Researchers From New Zealand, Propose The Idea Of A Quantum Blockchain
Proposed by researchers at the Victoria University of Wellington in New Zealand, blockchain-based data storage could ensure that hackers will not be able to crack cryptocurrencies once the quantum era starts. This would secure cryptocurrency futures for decades using a blockchain technology that is like a time machine.
A blockchain stores every transaction in a system on what amounts to an immutable record of events. The work necessary for maintaining and confirming this immutable record is what is commonly known as mining. But this technology — which the paper’s co-author Del Rajan claims will make up “10 percent of global GDP… by 2027” — will become insecure in an era of quantum computers. Therefore the solution to store a blockchain in a quantum era requires a quantum blockchain using a series of entangled photons.

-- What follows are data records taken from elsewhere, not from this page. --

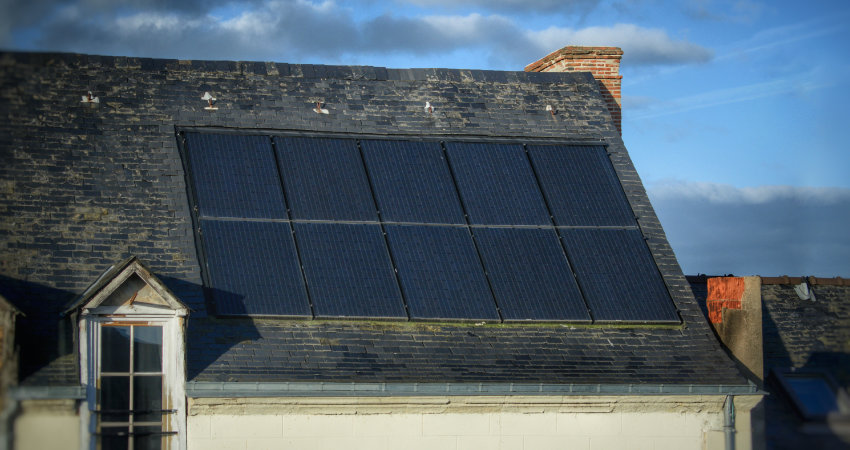 Met artikel 40 vragen over het plaatsen van alternatieve energiebronnen in de 19e-schil vragen we opnieuw aandacht voor het ondersteunen van inwoners bij de energietransitie en verwachten van een energiek college maatwerk.

gewoondordt.nl/energiek

#energie #gewoondordt #vragen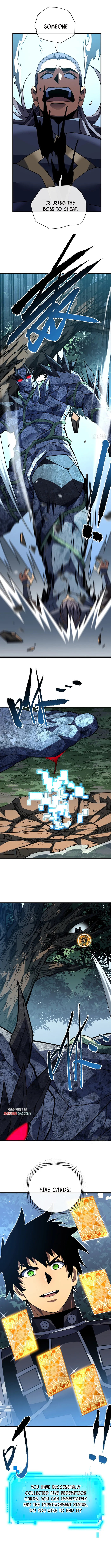 Read Lord of Destiny Wheel EN Manga Online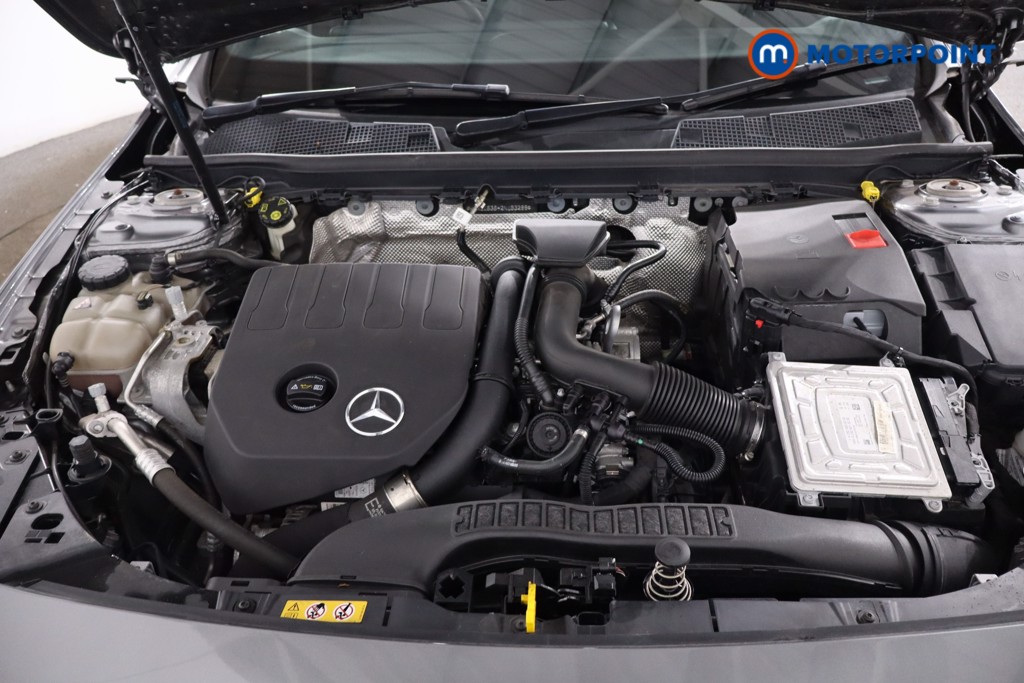 Mercedes-Benz CLA Amg Line Automatic Petrol Coupe - Stock Number (1624154) - 34th supplementary image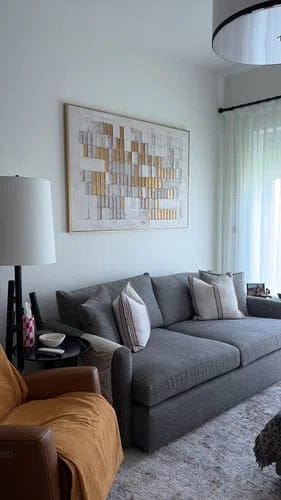 Customer photo review of Artura Paint | Luminous Code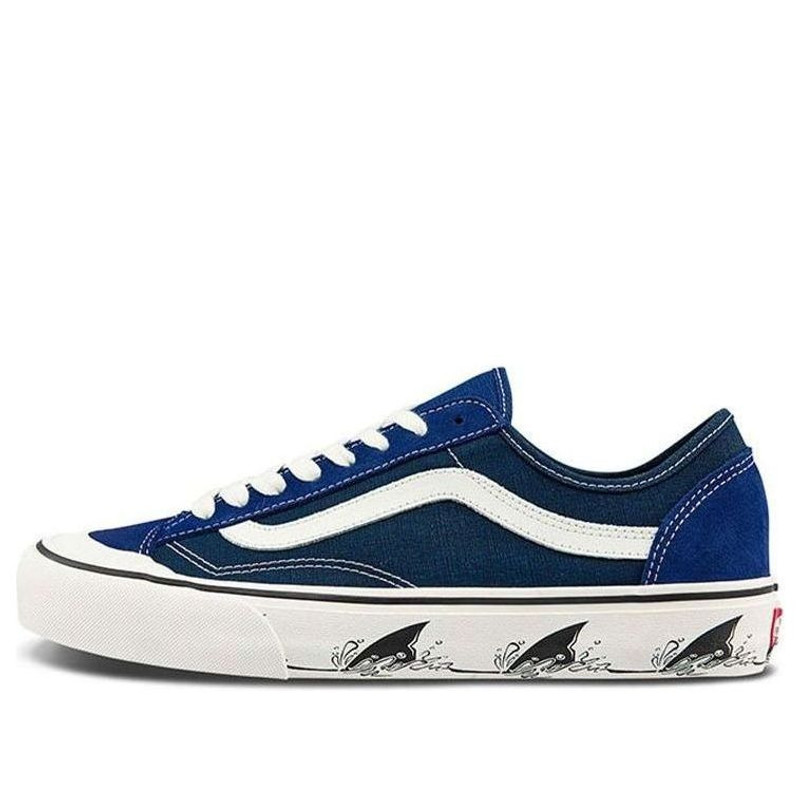 Vans Style 36 Decon SF 'Shark Fin - Salt Wash' VN0A5HYRA6F - 1
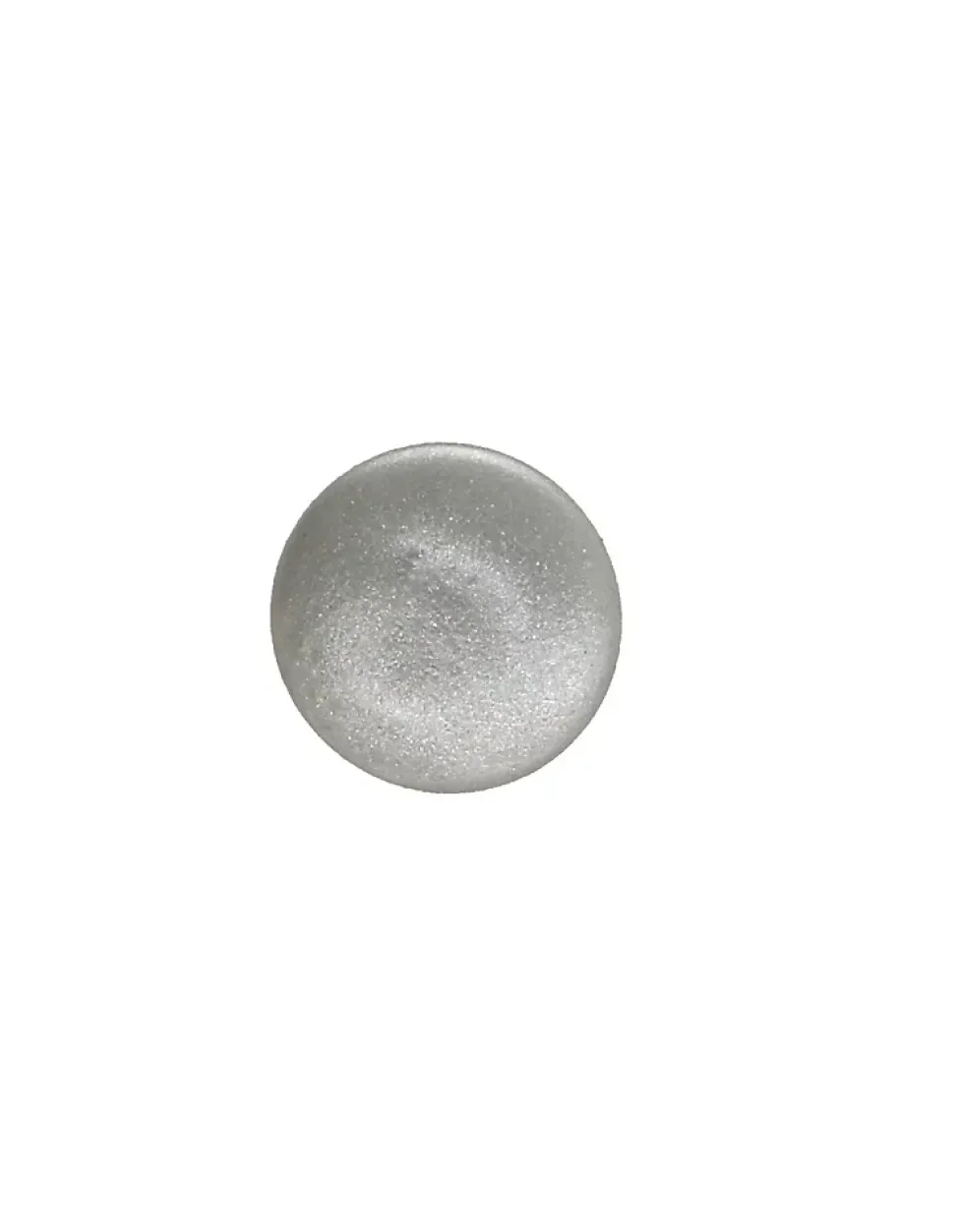 Cache Trou 12/5.5 Longueur 5.6 Aluminium RAL9006 aluminium blanc - 500 pièces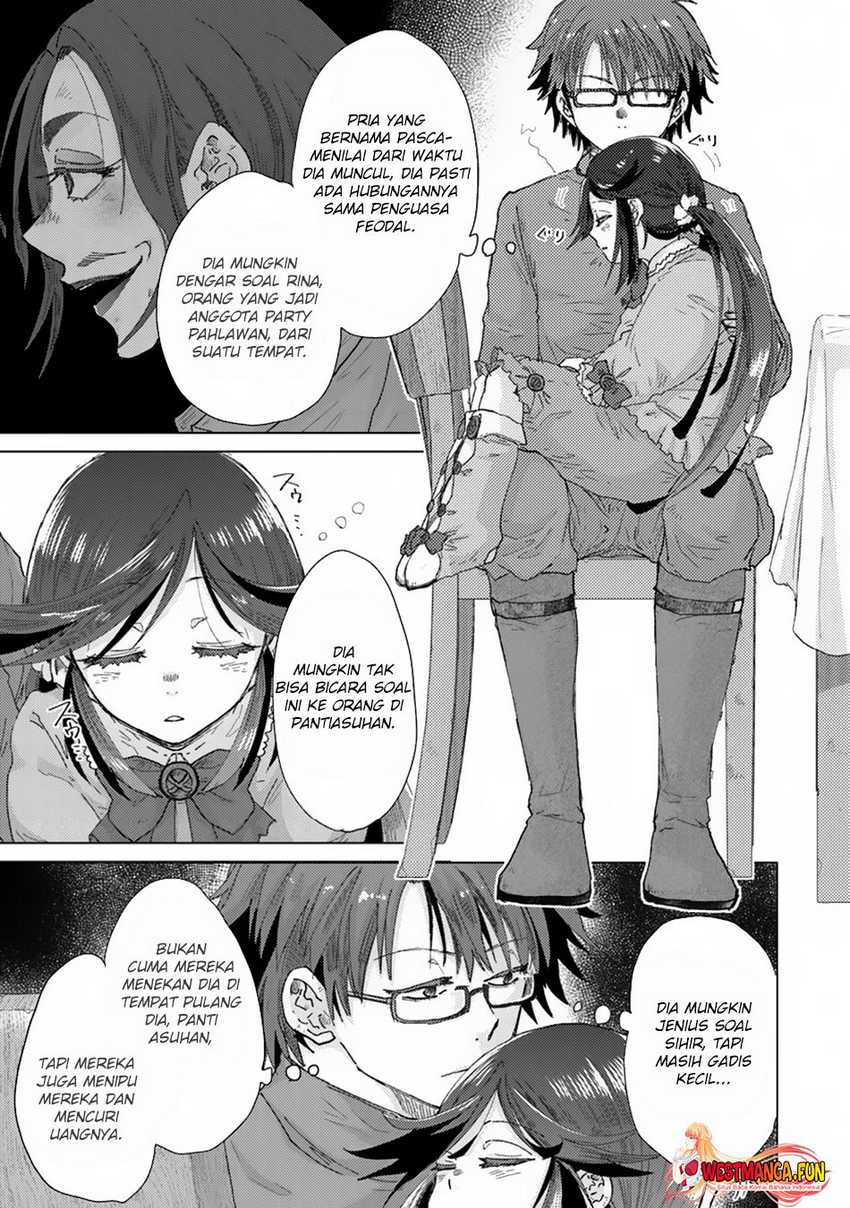 Hazure Skill “Kage ga Usui” o Motsu Guild Shokuin ga Jitsuha Densetsu no Ansatsusha chapter 39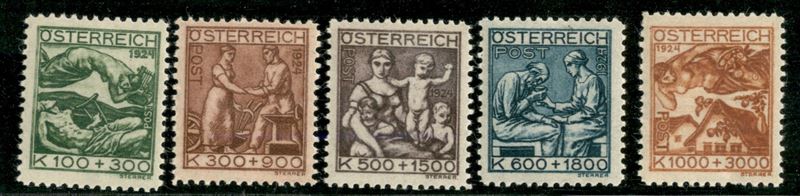 Austria / Posta Ordinaria
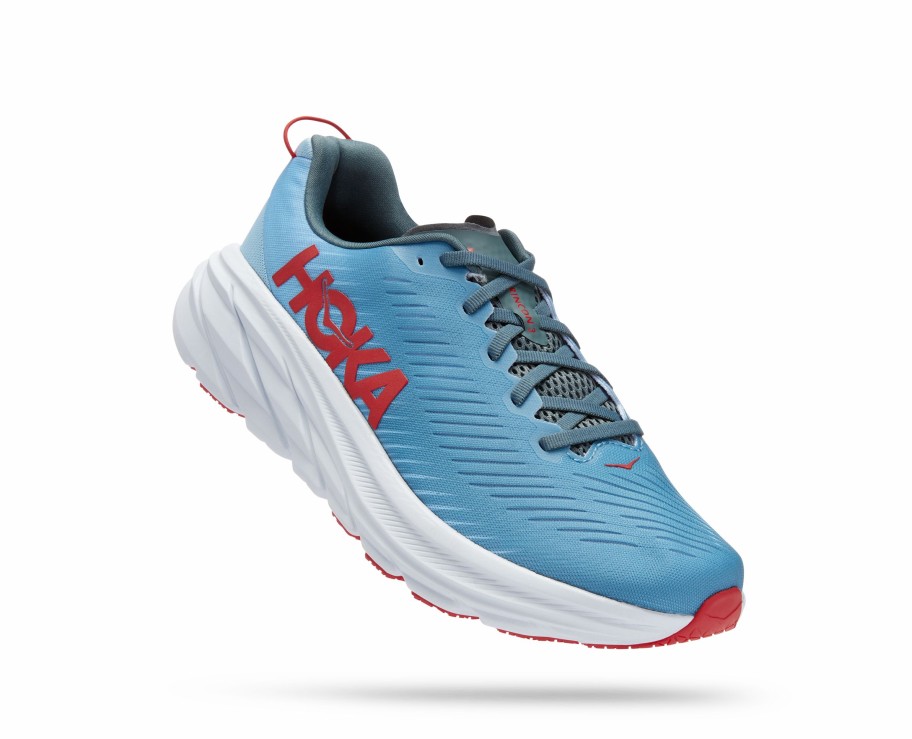 Footwear * | Hoka Men'S Rincon 3 (Msss Mountain Spring/Summer Song)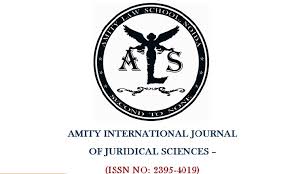 Amity International Journal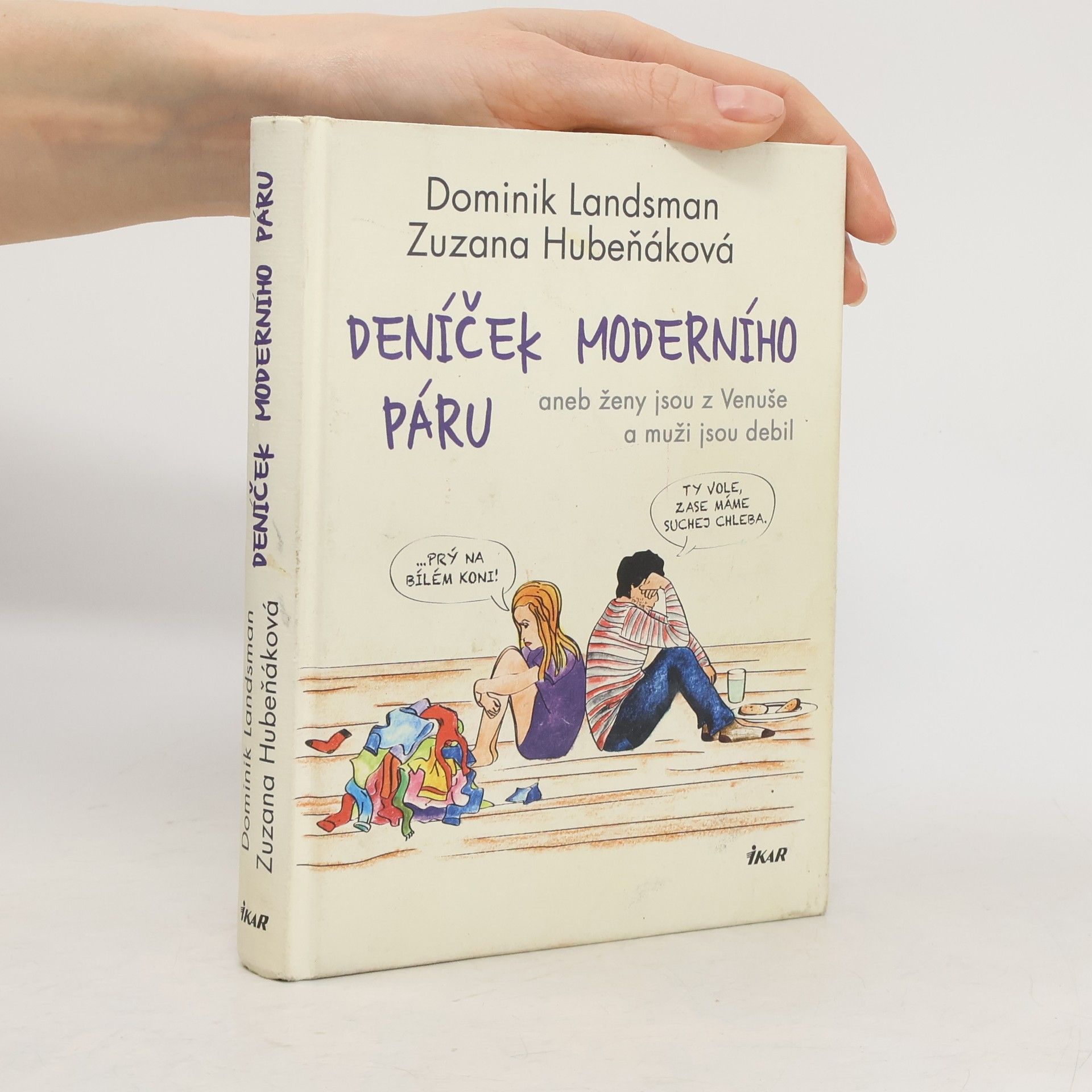 Deníček moderního páru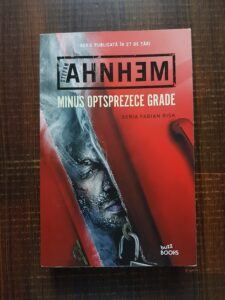 Stefan Ahnhem - Minus optsprezece grade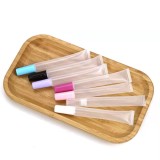 Drivworld Spot 15MLt transparent lip glaze lip gloss tube slender oblique color lip film squeeze tube Your logo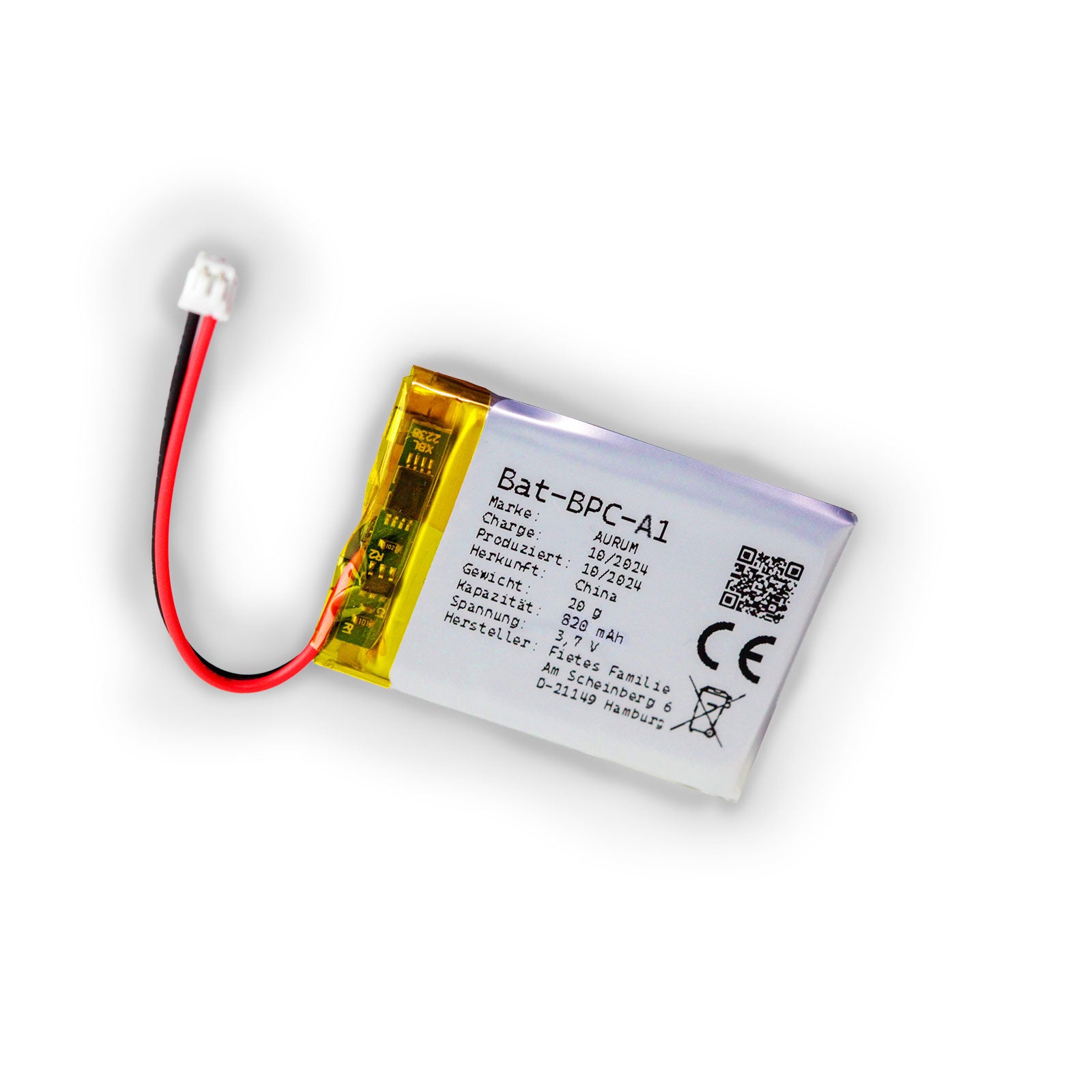 Piles pour babyphones Babymoov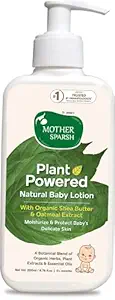 Mother Sparsh Plant Powered Natural Baby Lotion, 200ml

Our novel methodology encodes a blockchain into these temporally entangled states, which can then be integrated into a quantum network for further useful operations. We will also show that entanglement in time, as opposed to entanglement in space, plays the pivotal role for the quantum benefit over a classical blockchain.
– Report Authors
In short, the quantum blockchain is immutable because the photons that it contains do not exist at the current time but are still extant and readable. This means the entire blockchain is visible but cannot be “touched” and the only entry you would be able to try to tamper with is the most recent one.